Data in this exercise Block Start

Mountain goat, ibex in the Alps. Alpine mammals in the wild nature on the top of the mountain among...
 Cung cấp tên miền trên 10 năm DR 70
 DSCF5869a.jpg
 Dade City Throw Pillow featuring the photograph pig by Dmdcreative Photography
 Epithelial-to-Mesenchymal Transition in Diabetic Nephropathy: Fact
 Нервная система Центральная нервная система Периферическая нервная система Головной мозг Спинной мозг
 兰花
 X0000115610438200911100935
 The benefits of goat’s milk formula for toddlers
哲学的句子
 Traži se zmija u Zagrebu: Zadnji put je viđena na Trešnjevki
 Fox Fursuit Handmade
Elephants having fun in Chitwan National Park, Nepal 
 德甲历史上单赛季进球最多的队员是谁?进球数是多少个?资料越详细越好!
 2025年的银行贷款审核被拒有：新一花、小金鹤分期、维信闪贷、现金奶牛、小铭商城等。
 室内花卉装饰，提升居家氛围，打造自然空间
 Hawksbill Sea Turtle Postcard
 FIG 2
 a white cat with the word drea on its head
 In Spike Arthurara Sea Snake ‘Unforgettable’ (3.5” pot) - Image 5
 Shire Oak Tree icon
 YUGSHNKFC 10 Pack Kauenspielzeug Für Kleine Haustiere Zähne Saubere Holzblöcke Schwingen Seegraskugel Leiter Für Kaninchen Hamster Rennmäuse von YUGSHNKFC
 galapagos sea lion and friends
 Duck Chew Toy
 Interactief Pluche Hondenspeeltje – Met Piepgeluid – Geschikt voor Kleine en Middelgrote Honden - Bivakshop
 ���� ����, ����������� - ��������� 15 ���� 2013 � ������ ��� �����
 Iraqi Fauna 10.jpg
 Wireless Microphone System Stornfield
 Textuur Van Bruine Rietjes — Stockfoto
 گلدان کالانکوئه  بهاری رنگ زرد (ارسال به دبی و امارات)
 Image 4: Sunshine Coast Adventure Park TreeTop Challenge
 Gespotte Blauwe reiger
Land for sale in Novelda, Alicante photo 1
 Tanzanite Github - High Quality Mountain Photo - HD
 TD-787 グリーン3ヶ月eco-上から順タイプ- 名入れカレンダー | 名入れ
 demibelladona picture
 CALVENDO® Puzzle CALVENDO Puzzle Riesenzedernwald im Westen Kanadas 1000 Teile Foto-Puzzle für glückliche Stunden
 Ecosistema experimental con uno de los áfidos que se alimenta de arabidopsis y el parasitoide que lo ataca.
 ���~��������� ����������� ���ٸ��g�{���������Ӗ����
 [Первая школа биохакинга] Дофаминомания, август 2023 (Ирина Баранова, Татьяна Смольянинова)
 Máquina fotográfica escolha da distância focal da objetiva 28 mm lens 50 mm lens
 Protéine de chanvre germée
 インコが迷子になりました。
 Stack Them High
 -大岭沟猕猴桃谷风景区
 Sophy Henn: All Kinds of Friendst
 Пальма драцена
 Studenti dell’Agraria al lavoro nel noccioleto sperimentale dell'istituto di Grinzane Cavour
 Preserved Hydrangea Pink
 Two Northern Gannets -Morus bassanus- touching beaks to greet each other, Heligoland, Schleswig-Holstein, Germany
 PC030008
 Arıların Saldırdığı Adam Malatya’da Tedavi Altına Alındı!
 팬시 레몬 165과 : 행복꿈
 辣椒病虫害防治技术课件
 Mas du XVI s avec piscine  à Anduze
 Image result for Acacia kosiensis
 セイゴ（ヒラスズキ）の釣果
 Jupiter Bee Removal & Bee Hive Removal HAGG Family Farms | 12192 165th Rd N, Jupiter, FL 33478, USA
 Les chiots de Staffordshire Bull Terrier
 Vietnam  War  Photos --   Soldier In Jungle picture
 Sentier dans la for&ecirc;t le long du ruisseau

Data in this exercise Block End

** Task brief **
If a line in the listing holds the word "picture", list that line.

** Answer to the problem **
 demibelladona picture
 Vietnam  War  Photos --   Soldier In Jungle picture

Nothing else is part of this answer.